Having difficult time understanding the solution to this probability problem So, the task says: there are 12 passengers and 4 wagons, what is probability that 3 passengers entered every wagon?
this is the answer $\frac{\binom{12}{3}\binom{9}{3}\binom{6}{3}\binom{3}{3}}{4^{12}}$ but why instead of $4^{12}$ it doesn't go $12^{4}$ ? I understand that for first wagon we chose 3 out of 12 passenger and hence $\binom{12}{3}$ and so on, but should the same logic be applied for the denominator, shouldn't it be, for the first vagon we can chose 12 passener, for the second the same, and so on?
Thank you!
 A: Each passenger has $4$ options, therefore the number of distributions is $4^{\text{number of passengeres}}$. Note that is such distributions we can have two different passengers on the same wagon. On the other hand, $12^4$ means that each wagon has $12$ options and the same passeger could be assigned to $2$ different wagons. This is impossible!
Moreover note that
$$4^{12}=(1+1+1+1)^{12}=\sum_{x_1+x_2+x_3+x_4=12\\x_1\geq 0,x_2\geq 0,x_3\geq 0,x_4\geq 0}\frac{12!}{x_1!x_2!x_3!x_4!}
\\=\sum_{x_1+x_2+x_3+x_4=12}\binom{12}{x_1}\binom{12-x_1}{x_2}\binom{12-x_1-x_2}{x_3}\binom{12-x_1-x_2-x_3}{x_4}.$$
You are interested in the distribution where $x_1=x_2=x_3=x_4=3$.

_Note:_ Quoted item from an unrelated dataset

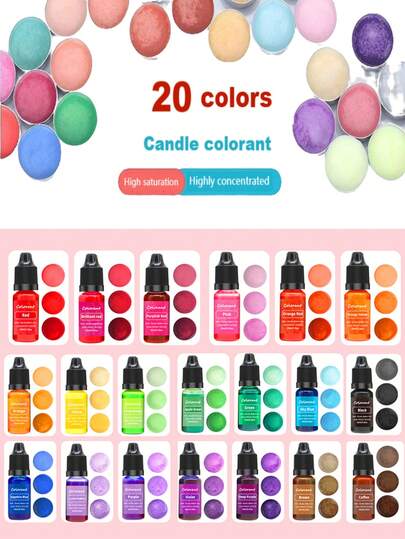 10ML 1 Set/10 Color/20 Color Candle Dye Liquid Colorant DIY Jewelry Making Candle Making Dye Pigment 50ml/100ml,10ml DIY Candle Color Essence Candle Pigment Handmade Soybean Wax Paraffin,Halloween DIY Candle Dye Liquid Colorant DIY Jewelry Making Candle Making Dye Pigment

A: There is not actually formal consensus over your question.For example @Brian M. Scott accept both of them as true , as far as i remember from earlier questions.
However, if i were you , i would think this types of combinatorics problems like real world problems . What i meant was that who has decision rights for choosing ? Wagons or people ?
The answer is obviously people , so let people to choose which wagon they want to get in. First people has $12$ choices , second has $12$ choices etc..
You can extend this question for letters and postboxes. You put the letters into post boxes in real world.So , if there are $3$ letter and $5$ post boxes ,you have $5^3$ different choices to put the letters into post boxes.
A: Let's say the $12$ passengers are $A, B, C, D, E, F, G, H, I, J, K, \text{and} 
\space L$. We will follow your reasoning and see the loophole. Wagon 1 has 12 options to pick a passenger, agreed. Let's say it picks $A$. You said Wagon 2 has $12$ options as well, here's where the problem is: those $12$ options include Wagon 2 picking $A$ as well. However, $A$ cannot go into two different wagons at the same time!

We do $4^{12}$ instead because it does the reverse: counting how many ways there are for each passenger, not each wagon. There are $4$ wagons, so $4$ ways for $A$, $4$ for $B$, etc.
This doesn't have the same problem as $12^4$ because one wagon can have more than one person. If it were a constraint that a wagon can have at most $1$ person, then this way wouldn't work either.

I hope this helps; feel free to ask about any unclearness in this post.